>>

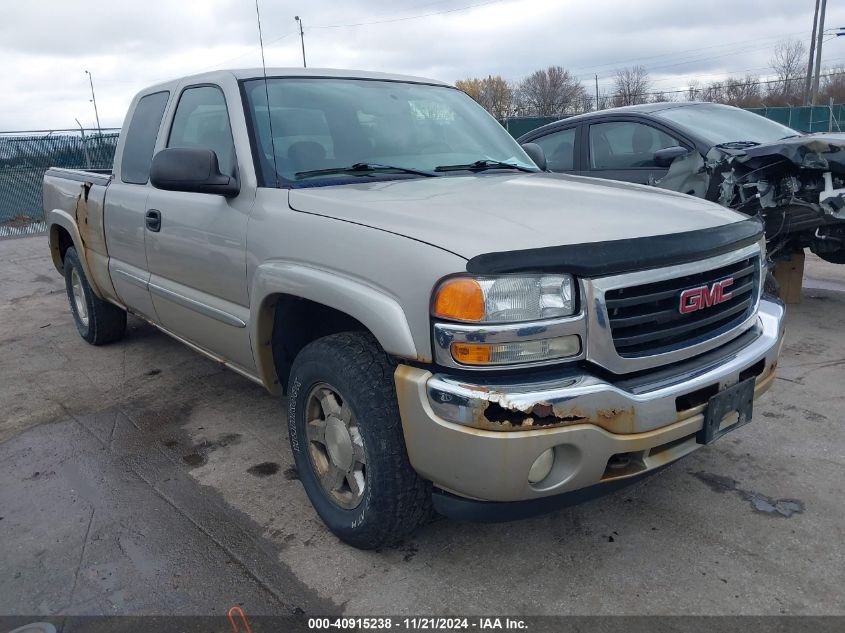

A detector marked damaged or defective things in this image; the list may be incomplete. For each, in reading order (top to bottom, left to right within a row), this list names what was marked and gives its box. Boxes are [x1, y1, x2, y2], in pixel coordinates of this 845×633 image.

damaged sedan [516, 102, 844, 264]
rust damage [474, 392, 632, 432]
cracked bumper [396, 298, 784, 502]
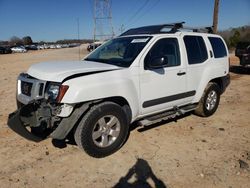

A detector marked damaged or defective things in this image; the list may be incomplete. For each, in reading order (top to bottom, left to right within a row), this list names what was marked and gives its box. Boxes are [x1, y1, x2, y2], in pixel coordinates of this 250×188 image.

crushed hood [27, 60, 121, 82]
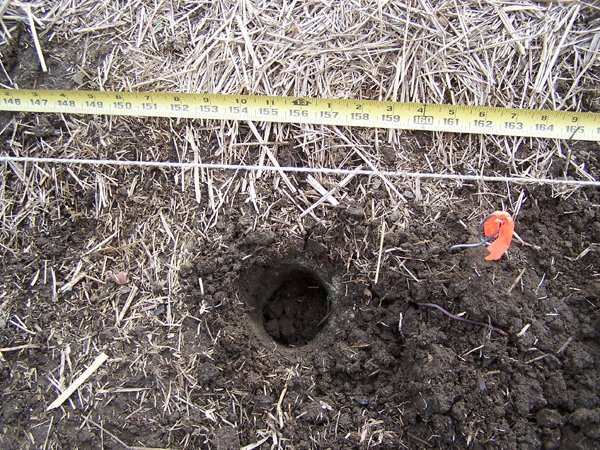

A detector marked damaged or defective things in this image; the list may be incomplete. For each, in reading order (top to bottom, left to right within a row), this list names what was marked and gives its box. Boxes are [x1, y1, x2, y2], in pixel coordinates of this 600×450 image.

broken straw piece [480, 212, 512, 262]
broken straw piece [47, 352, 109, 412]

<<

* **Task statement**: Exactly and in full, write out the lines from the one containing "this 600×450 image." through the end of the listing.

* **Output for this exercise**:
A detector marked damaged or defective things in this image; the list may be incomplete. For each, in reading order (top to bottom, left to right within a row), this list names what was marked and gives its box. Boxes are [x1, y1, x2, y2], in pixel coordinates of this 600×450 image.

broken straw piece [480, 212, 512, 262]
broken straw piece [47, 352, 109, 412]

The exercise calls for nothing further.